-- STORED DATA follows --
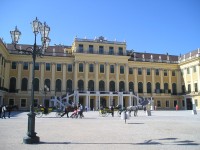 Schonbrunn s čekajícími kočáry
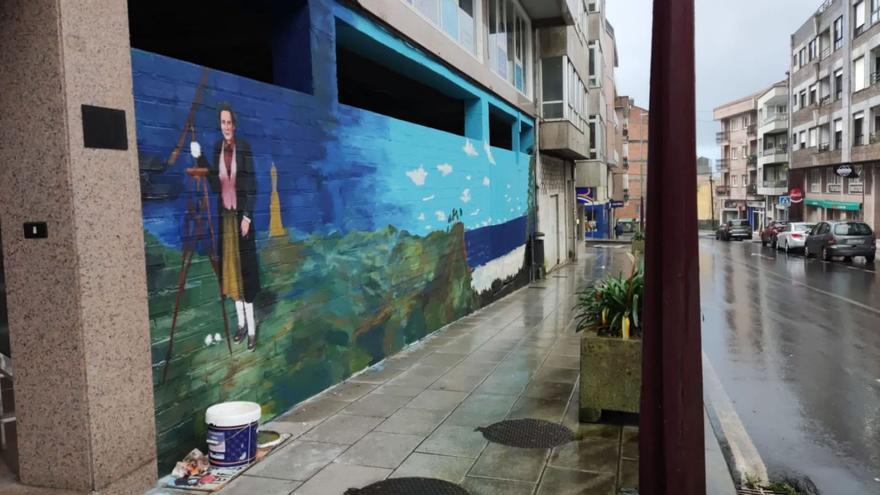 El mural muestra la silueta de Antonia Ferrín Moreiras con un telescopio y el mar al fondo.   | // XPONTE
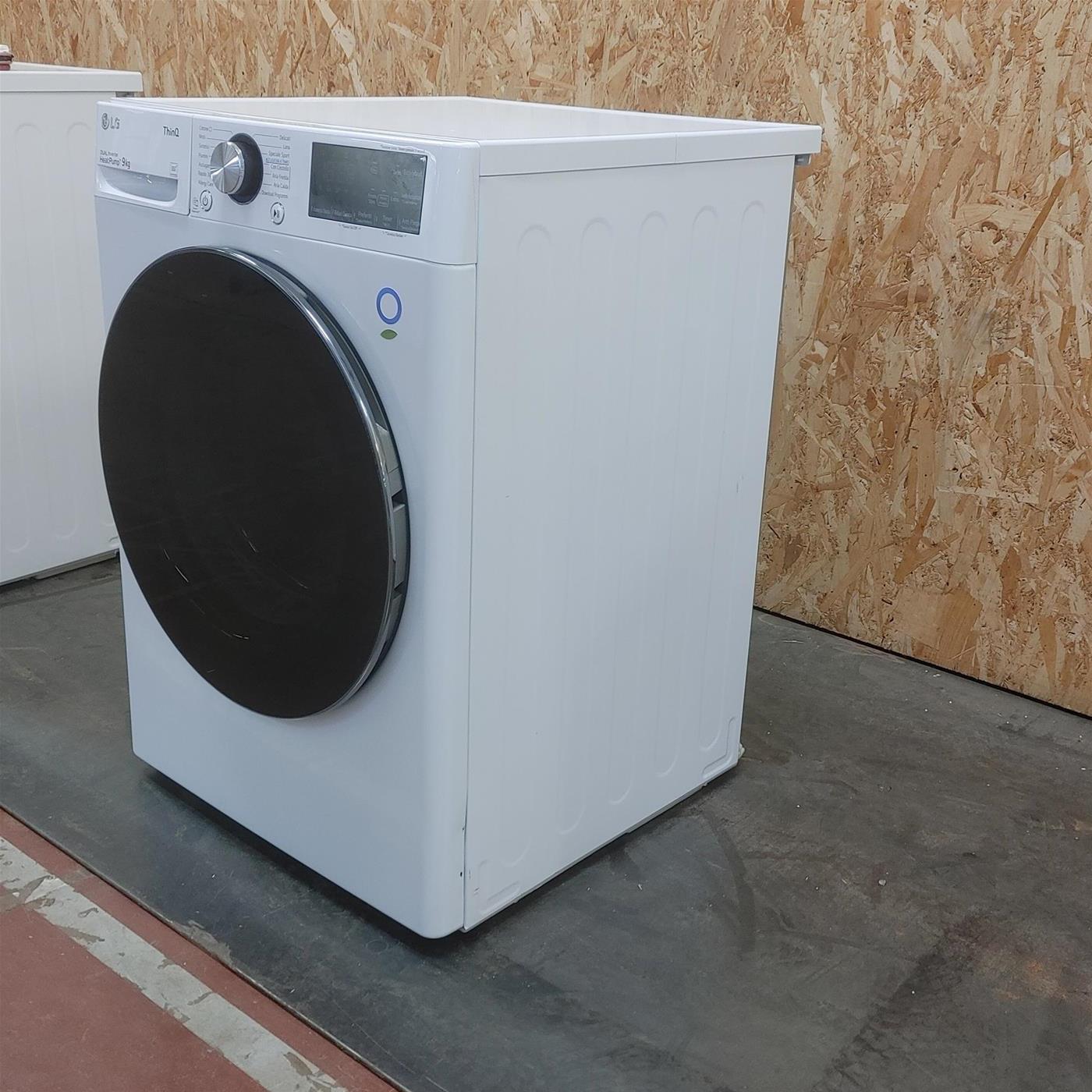 LG RC90V9AV2W Asciugatrice 9 kg Pompa di Calore Libera installazione Carica frontale A+++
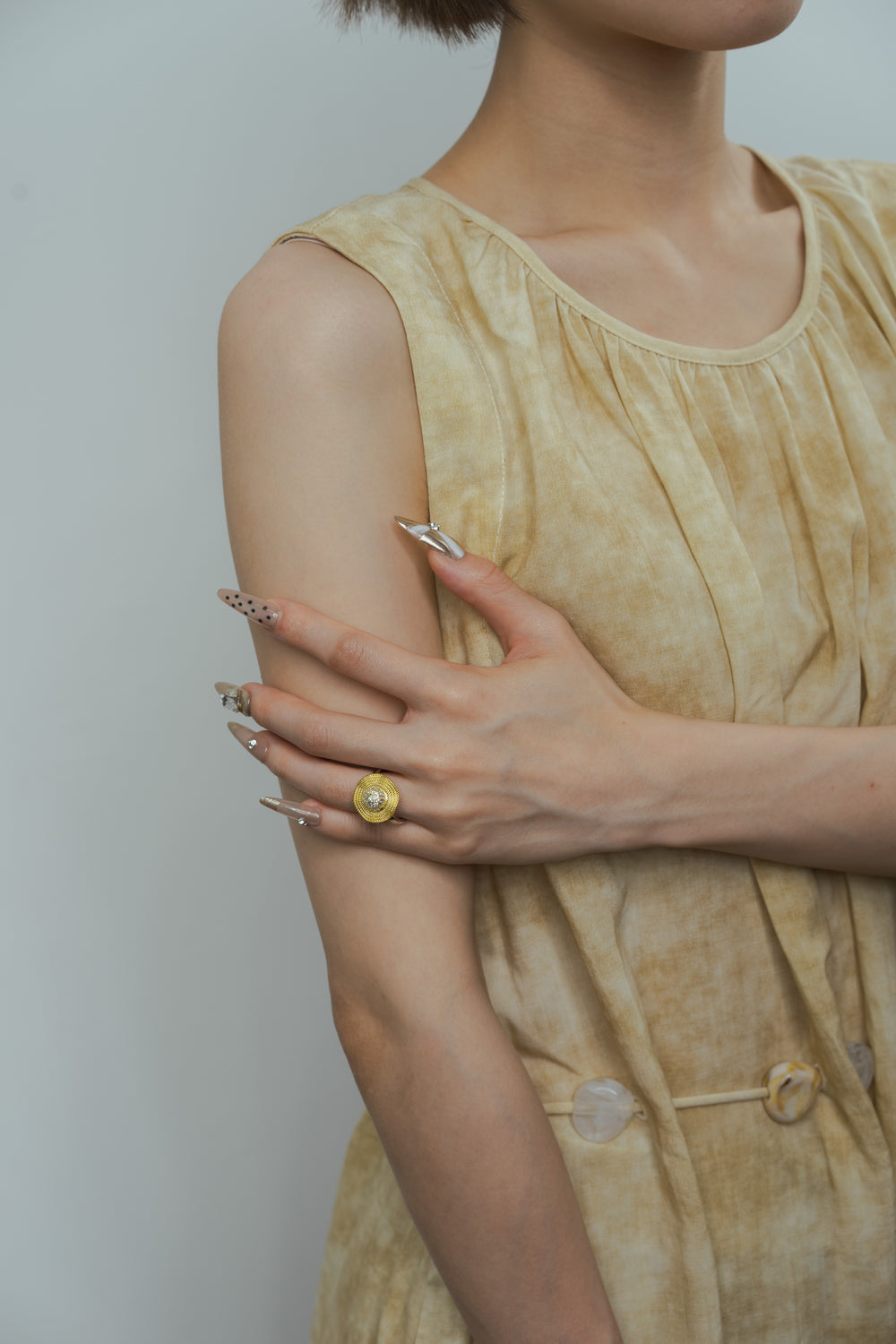 Lively Spin Ring in Gold-Plated Brass - BE FRUITFUL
-- STORED DATA concluded --
Omit the pictures and write out the remaining data exactly.

# TASK OUTPUT:
 Schonbrunn s čekajícími kočáry
 El mural muestra la silueta de Antonia Ferrín Moreiras con un telescopio y el mar al fondo.   | // XPONTE
 LG RC90V9AV2W Asciugatrice 9 kg Pompa di Calore Libera installazione Carica frontale A+++
 Lively Spin Ring in Gold-Plated Brass - BE FRUITFUL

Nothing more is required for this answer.